Виталий Фил

Без ИМЕНИ

Но это было бы слишком предсказуемо, и он этого делать не стал. Потому что и не смог бы.

Ярость потока немного улеглась. Он унёс меня на значительное расстояние, так далеко, что я потерял всякую возможность ориентироваться во времени. Поток выкинул меня на берег и понёсся дальше, подобно Дону Кехане Ламанчскому, совершенствуясь в своём безумии. Оно и понятно, ведь привычное и обыденное не интересно. Оно ведь понятно всем и каждому. Вот, то, что понятно только тебе одному - вот это интересно. А еще лучше, когда оно и тебе не понятно.

тут конечно надо было еще чего-нибудь умное написать, чтоб ты подумал, какой я крутой гуру, но ничего в голову не пришло, а место оставалось. Вот я и написал: рыба рыба рыба рыба рыба рыба рыба рыба рыба рыба рыба рыба рыба рыба рыба рыба рыба рыба рыба рыба рыба рыба рыба рыба рыба рыба рыба рыба дышала жабрами, вращая своими выпуклыми глазами. Она видела всё, но не скажет, как…

Вчера по городу ходил Бог и прощал карму всем встречным. И меня встретил, но пожалел…

Мой модем, наконец, пробил завесу занятых линий и сейчас я выйду в Сеть.

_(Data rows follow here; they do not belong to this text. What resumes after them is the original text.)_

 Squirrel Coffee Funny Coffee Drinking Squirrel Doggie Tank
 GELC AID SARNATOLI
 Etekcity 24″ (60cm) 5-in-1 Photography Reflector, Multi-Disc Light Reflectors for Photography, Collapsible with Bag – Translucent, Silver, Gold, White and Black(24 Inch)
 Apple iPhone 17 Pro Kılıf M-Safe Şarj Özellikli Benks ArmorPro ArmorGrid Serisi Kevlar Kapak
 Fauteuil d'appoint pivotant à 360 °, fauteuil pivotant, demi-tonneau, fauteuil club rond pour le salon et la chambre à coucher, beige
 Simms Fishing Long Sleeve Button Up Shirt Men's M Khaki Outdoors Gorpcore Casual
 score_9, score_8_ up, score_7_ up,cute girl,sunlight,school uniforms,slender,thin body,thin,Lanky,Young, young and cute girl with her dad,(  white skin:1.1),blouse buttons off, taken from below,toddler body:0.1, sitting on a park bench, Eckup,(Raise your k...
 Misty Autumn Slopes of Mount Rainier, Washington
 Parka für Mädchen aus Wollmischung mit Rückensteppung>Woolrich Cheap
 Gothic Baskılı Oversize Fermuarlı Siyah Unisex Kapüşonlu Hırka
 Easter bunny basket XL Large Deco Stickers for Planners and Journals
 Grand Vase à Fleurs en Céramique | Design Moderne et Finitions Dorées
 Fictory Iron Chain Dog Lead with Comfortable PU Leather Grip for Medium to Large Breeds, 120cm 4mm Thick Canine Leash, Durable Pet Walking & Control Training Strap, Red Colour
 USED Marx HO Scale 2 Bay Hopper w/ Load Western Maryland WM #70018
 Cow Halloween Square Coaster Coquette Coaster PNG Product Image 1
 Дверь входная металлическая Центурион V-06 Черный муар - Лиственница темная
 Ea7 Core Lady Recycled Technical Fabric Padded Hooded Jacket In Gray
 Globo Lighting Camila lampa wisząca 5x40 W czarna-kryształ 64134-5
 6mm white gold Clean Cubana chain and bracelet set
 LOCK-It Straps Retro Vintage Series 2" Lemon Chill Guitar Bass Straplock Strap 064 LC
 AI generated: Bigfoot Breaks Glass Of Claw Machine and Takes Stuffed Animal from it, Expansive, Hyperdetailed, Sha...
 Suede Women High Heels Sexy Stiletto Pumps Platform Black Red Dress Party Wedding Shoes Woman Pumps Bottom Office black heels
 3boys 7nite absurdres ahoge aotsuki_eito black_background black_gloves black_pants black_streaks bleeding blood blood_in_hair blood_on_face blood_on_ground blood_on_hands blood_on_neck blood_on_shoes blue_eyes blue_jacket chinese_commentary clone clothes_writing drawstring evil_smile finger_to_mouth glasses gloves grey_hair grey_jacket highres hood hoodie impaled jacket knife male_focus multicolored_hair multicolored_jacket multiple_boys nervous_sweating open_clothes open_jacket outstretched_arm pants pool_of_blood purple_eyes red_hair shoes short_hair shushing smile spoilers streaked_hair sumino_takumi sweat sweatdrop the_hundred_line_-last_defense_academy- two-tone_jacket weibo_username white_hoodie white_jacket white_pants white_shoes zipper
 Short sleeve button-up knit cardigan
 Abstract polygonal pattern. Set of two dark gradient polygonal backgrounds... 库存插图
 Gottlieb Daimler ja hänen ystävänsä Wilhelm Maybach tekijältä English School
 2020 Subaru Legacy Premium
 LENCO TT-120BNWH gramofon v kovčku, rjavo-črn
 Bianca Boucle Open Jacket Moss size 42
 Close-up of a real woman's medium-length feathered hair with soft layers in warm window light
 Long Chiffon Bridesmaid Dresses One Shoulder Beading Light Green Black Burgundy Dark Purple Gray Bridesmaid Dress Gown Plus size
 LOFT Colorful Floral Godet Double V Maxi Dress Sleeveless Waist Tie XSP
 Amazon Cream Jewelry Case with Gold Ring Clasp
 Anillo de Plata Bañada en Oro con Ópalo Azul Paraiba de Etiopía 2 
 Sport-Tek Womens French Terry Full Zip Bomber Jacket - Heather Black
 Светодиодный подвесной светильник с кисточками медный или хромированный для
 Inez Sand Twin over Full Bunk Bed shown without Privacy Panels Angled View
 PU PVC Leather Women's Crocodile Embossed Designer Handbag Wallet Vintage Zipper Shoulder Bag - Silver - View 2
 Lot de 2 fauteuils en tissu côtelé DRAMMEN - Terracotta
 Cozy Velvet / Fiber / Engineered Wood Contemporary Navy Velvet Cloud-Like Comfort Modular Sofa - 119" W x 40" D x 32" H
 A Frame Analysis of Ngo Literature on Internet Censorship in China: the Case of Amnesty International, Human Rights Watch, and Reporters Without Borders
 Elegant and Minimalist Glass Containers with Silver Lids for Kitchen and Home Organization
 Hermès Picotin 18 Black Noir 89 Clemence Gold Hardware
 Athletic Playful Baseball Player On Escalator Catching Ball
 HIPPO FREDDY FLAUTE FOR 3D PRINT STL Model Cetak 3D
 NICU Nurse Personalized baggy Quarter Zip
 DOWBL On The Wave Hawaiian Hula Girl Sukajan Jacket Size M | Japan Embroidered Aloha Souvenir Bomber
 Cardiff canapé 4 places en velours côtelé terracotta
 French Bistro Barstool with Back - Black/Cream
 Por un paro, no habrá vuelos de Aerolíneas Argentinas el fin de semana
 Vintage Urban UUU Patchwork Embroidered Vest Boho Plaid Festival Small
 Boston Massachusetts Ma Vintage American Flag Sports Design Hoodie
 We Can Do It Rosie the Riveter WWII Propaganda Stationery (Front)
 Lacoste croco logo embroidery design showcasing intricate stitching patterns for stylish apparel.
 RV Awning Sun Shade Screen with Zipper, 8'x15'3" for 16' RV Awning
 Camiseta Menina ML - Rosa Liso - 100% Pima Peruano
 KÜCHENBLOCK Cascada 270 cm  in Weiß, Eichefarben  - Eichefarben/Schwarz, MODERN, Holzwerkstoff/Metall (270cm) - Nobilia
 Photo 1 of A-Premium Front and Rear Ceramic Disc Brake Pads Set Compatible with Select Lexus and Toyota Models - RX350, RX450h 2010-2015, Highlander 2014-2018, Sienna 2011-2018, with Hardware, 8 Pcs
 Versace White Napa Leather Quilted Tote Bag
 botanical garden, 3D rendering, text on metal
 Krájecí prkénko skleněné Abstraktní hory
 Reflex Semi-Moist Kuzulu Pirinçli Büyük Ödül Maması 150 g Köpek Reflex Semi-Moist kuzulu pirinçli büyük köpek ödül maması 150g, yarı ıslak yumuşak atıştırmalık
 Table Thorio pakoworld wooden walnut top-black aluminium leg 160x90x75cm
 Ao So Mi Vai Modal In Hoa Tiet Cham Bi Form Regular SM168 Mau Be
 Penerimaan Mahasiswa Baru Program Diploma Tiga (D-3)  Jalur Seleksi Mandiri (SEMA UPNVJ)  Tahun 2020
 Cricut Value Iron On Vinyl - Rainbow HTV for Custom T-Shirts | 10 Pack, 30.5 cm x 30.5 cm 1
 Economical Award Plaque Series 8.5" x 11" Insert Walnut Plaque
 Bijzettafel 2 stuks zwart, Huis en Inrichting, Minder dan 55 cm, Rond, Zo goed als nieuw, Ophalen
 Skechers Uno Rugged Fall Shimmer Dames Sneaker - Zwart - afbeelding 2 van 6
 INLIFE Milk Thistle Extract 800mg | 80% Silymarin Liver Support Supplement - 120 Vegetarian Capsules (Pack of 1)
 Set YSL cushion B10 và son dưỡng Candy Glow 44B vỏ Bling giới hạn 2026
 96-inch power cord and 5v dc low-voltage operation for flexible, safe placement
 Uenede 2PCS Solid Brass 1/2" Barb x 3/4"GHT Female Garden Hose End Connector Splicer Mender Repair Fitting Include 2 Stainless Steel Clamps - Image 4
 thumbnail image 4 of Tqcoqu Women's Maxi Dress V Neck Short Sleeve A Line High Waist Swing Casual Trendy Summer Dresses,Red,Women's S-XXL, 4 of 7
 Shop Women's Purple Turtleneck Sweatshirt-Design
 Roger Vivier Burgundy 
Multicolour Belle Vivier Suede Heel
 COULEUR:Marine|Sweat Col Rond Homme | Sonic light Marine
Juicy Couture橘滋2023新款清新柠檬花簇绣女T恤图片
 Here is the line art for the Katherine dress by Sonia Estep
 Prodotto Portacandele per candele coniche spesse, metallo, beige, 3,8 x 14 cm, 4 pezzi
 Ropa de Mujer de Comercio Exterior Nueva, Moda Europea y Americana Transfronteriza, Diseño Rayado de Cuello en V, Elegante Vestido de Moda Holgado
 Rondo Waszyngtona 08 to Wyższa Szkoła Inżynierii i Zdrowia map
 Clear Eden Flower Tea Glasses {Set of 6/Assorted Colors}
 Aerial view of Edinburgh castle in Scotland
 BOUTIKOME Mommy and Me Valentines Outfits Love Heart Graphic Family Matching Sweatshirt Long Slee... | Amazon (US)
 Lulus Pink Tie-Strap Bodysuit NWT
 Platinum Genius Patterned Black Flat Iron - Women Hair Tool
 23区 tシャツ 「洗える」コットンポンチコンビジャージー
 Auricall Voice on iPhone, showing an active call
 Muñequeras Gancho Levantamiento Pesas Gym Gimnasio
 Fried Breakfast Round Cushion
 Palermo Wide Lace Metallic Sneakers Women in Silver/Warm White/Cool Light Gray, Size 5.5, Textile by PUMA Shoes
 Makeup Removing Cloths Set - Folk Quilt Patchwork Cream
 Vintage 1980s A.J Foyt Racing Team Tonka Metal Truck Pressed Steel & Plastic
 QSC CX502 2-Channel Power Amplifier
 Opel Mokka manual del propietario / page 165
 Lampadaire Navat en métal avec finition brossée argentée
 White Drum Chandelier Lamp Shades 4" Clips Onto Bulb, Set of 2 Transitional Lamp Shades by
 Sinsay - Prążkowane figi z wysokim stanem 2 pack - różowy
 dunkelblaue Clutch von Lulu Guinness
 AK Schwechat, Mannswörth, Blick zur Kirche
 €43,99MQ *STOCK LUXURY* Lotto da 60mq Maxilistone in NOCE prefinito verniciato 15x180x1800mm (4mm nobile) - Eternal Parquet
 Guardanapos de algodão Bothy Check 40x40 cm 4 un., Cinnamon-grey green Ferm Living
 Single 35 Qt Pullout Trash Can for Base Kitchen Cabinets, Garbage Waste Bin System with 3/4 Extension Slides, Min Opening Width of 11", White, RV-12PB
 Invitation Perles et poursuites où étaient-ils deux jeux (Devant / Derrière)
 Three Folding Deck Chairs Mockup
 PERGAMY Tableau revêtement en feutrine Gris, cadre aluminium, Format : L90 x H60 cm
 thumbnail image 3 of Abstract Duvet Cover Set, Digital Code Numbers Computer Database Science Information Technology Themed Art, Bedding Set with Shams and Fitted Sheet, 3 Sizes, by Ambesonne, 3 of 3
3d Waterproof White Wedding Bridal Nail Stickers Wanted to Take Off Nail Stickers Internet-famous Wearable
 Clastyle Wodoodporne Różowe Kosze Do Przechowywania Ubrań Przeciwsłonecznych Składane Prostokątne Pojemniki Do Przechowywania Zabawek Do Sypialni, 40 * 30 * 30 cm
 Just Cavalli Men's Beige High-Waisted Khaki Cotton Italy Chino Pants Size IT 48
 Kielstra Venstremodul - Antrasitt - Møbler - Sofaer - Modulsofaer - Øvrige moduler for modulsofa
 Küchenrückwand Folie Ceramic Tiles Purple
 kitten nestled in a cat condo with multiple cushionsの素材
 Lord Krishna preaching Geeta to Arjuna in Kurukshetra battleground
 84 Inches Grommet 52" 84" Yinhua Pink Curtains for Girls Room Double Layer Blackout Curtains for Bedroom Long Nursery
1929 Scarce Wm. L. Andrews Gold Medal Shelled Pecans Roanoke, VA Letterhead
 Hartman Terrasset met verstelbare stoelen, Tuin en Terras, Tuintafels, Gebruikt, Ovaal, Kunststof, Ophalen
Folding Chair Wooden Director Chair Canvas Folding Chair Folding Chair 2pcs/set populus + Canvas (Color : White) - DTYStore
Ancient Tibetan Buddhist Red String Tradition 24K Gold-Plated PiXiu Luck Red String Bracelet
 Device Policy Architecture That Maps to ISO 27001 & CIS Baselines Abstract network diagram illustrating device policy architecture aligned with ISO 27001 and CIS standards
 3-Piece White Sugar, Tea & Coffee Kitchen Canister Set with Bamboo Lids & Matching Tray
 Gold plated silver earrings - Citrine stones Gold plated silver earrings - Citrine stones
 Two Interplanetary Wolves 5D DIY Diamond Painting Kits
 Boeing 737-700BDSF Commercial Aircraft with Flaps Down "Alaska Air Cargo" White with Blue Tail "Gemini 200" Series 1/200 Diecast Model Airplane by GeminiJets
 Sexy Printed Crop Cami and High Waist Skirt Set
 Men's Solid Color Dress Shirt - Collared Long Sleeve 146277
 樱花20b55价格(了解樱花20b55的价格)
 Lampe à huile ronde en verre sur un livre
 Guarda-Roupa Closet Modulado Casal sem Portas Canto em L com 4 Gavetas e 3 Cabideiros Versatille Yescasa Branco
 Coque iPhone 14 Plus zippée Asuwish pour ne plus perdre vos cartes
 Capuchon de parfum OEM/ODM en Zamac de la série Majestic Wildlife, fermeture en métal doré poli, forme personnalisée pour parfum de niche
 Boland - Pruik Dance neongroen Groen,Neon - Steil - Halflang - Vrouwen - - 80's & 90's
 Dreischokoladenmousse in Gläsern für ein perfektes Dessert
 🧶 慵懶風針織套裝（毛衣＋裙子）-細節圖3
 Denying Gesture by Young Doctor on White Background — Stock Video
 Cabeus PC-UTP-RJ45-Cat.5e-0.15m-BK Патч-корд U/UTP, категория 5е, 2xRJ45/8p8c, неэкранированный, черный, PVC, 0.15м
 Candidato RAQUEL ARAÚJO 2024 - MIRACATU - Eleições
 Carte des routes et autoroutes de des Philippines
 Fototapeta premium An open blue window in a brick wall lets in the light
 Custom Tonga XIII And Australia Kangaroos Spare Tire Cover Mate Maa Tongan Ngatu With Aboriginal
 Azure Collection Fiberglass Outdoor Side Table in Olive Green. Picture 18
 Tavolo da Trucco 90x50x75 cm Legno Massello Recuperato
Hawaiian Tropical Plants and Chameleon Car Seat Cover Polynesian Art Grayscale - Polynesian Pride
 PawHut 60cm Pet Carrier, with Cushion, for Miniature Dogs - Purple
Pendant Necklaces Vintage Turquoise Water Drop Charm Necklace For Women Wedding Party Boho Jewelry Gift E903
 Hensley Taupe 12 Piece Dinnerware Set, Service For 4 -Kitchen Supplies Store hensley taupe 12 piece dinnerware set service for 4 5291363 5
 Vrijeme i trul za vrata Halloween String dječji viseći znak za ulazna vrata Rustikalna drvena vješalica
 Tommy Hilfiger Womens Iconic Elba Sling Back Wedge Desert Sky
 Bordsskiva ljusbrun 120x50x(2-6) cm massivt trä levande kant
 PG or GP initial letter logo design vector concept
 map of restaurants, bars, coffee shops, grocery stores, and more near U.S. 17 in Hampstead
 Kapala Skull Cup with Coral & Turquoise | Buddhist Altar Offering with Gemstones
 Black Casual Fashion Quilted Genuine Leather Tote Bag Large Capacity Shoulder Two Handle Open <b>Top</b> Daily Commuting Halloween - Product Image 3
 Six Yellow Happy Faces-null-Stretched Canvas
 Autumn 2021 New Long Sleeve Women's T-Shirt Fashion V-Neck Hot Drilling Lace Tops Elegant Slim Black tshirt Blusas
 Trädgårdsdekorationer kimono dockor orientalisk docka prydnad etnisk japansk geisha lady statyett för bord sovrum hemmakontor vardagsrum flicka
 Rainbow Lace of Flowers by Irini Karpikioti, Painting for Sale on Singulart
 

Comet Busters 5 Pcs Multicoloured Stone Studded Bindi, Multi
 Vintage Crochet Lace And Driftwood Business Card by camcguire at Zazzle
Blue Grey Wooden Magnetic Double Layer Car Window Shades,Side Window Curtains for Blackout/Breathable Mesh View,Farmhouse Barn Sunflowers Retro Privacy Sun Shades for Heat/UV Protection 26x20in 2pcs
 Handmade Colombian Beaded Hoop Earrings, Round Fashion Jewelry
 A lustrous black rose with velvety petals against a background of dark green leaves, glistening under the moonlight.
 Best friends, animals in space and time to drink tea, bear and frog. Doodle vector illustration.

Выйду и остановлюсь в раздумьях. Что Сеть, что реал - одна сплошная иллюзия. Или одна сплошная реальность, это кому как привычнее. Был такой мультфильм у японцев –«Лайн». Может, смотрел?

Это ужасное чувство: когда мучительно ищешь что-то, инстинктивно ощущаемое очень близко, но не можешь найти. Даже понять, чего же ты такое ищешь…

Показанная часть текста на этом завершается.